• Exercise input:
********************

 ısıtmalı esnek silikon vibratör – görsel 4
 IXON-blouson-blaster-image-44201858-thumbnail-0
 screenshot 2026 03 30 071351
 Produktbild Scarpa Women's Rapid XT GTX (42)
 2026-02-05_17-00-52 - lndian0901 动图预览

********************

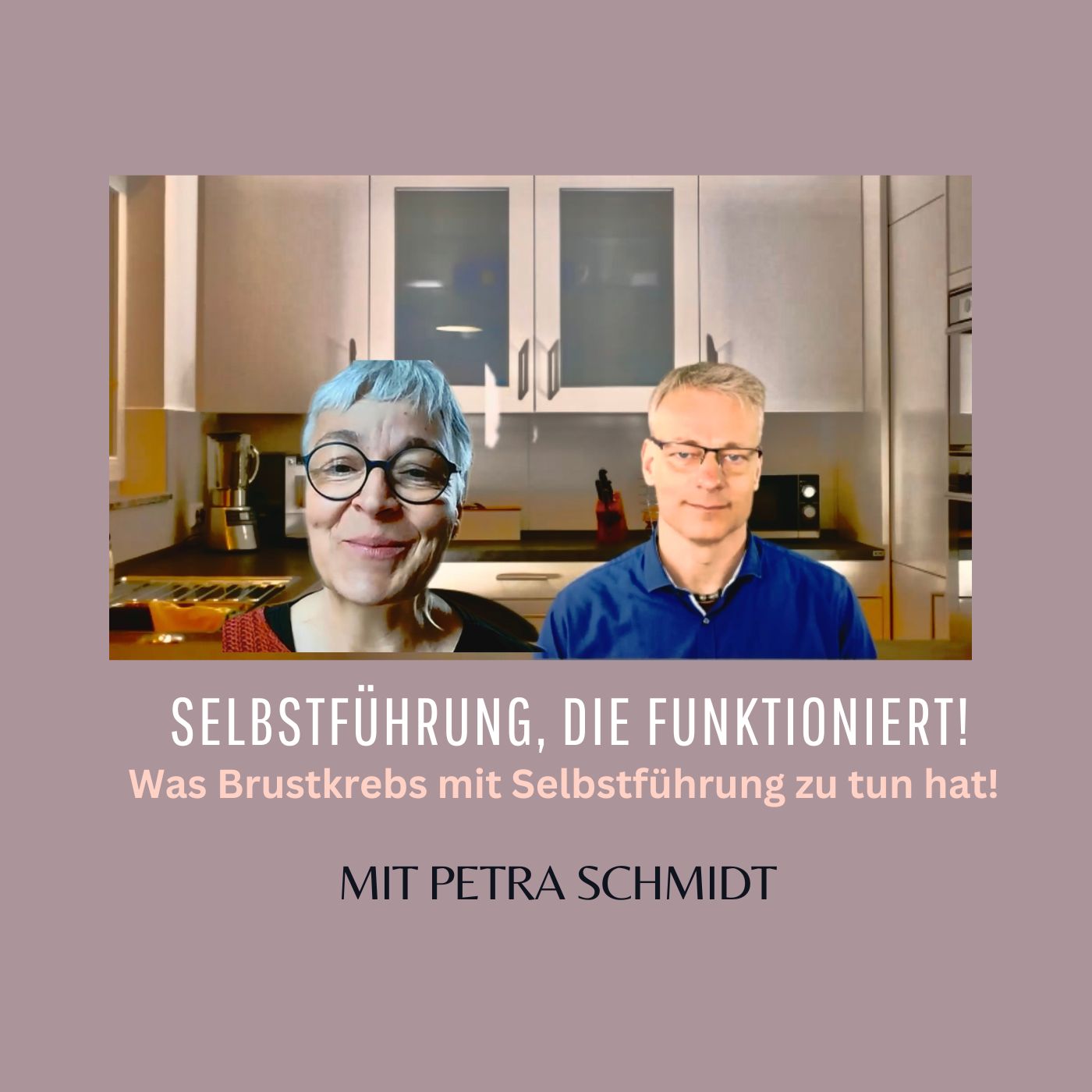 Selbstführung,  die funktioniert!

********************

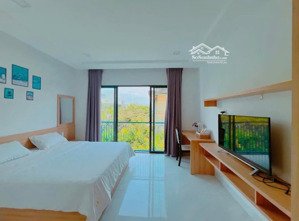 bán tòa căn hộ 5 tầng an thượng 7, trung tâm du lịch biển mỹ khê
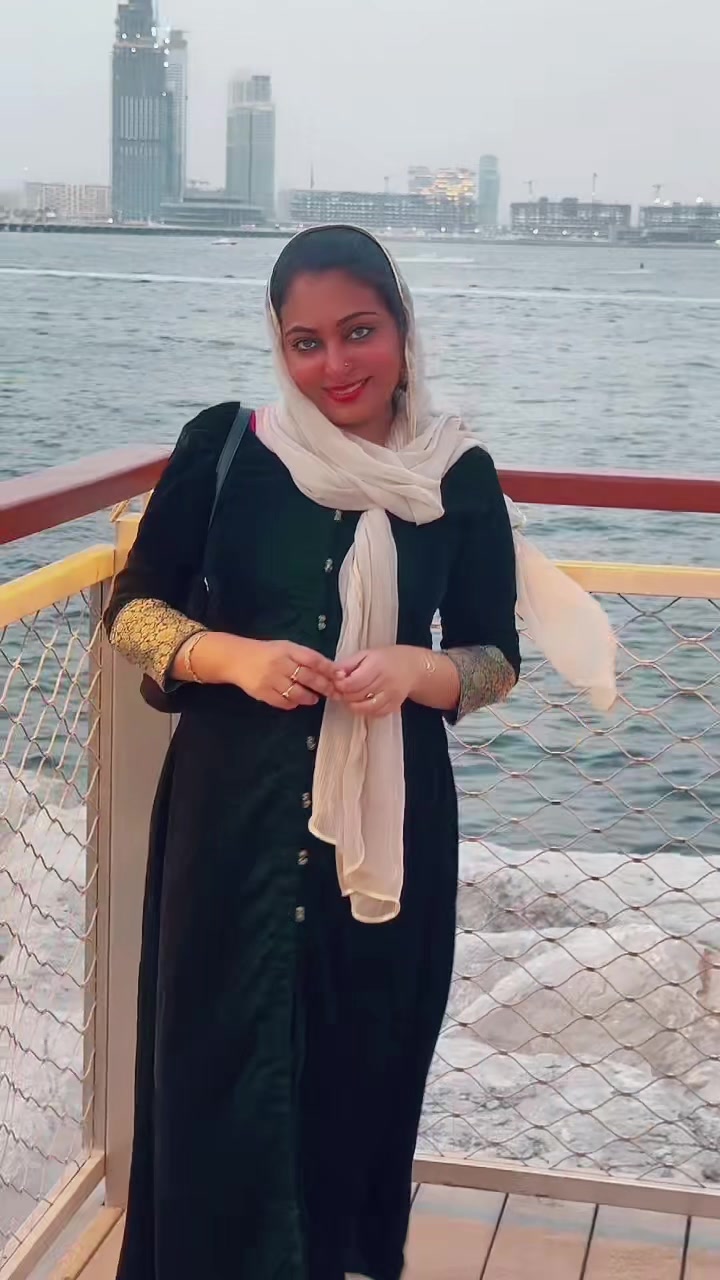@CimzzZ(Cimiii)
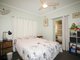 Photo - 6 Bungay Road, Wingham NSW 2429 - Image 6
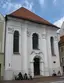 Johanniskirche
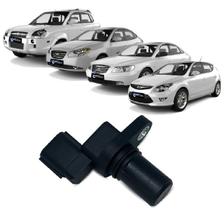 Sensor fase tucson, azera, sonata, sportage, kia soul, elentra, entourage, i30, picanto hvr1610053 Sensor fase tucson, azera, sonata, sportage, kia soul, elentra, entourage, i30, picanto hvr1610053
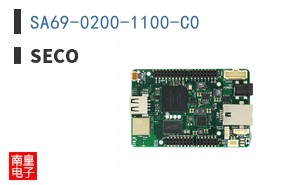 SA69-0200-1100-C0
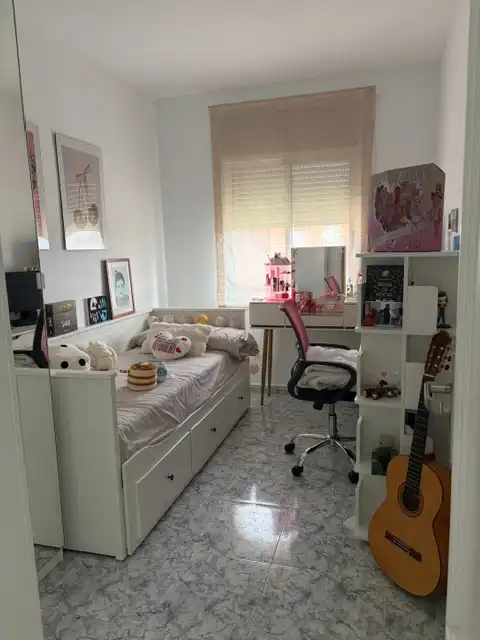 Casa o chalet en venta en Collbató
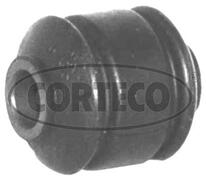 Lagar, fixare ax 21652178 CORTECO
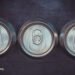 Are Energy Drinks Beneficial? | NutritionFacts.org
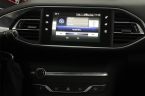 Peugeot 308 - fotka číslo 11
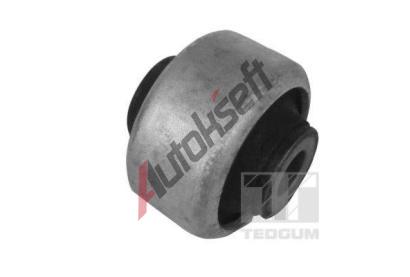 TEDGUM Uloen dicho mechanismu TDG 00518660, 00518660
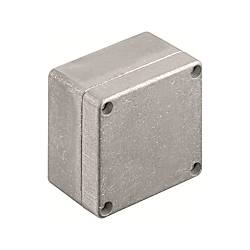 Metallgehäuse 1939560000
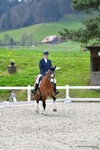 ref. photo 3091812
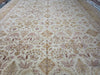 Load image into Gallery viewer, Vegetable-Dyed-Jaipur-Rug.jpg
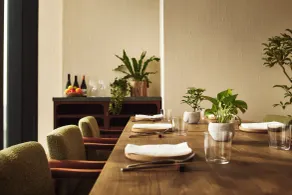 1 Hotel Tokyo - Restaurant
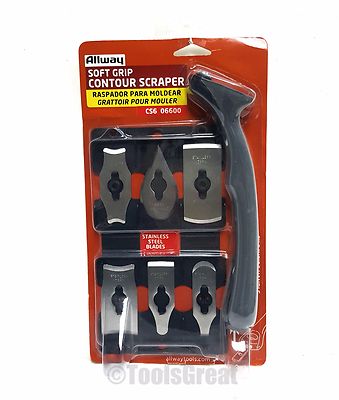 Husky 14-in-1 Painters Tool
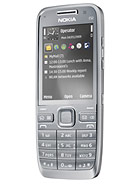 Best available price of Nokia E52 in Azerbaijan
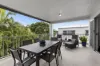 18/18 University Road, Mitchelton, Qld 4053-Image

********************

• Assignment:
As the answer, set down only the lines from the data above between the one holding "ısıtmalı esnek silikon vibratör – görsel 4" and the one holding "2026-02-05_17-00-52 - lndian0901 动图预览", inclusive, exactly as they read.

• Written response:
 ısıtmalı esnek silikon vibratör – görsel 4
 IXON-blouson-blaster-image-44201858-thumbnail-0
 screenshot 2026 03 30 071351
 Produktbild Scarpa Women's Rapid XT GTX (42)
 2026-02-05_17-00-52 - lndian0901 动图预览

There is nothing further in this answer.